東京の人々は、謎の般若面の人物が引き起こした大規模な超常現象により一瞬にして消失してしまいます。
プレイヤーは、数少ない生き残りの人間・暁人となり、元探偵の亡霊・KKと手を組み、人体消失の原因を探り、神話や都市伝説の世界から現れた邪悪なるモノたちに抗い、超常の混沌から東京を救います。
リリースと同時配信の無料アップデート「蜘蛛の糸」では、新しい探索エリア、ムービーシーン、ゲーム品質の改善などのゲーム本編のアップデートに加え、新モードとなる「蜘蛛の糸」モードも追加。
同モードは、新たに制作された130以上のレベルからなる30階層の試練をクリアして最奥までたどり着くことをめざします。

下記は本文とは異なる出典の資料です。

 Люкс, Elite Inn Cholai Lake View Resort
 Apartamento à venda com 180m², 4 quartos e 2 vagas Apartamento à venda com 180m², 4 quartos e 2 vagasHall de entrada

Tango Gameworksは、「バイオハザード」シリーズの生みの親である三上真司を中心に2010年3月にTangoとして設立され、同年10月にゼニマックス・アジアと合併してTango Gameworksと改名。
Tangoは、三上真司がアルゼンチンタンゴが好きで、タンゴの楽曲は明るい側面と暗い側面を持つという厚みがあり、同社も楽しさとストイックさを併せ持ちたいという気持ちを込めて命名されています。
同社は、クリエイター目線でのゲーム創りにこだわり、世界に誇れるような日本のゲームを開発、ゲームに対する愛では世界一になれる開発スタジオをめざしています。
また、マイクロソフトが2021年3月にゼニマックスを買収したことで、同社もマイクロソフト傘下の開発スタジオ入り。
本作は、2022年3月25日に「PlayStation 5」と「Steam」で発売されたものの、時限独占契約が終了した2023年4月12日に「Xbox Series X|S」でも発売、それと同時に「Xbox Game Pass」に対応しています。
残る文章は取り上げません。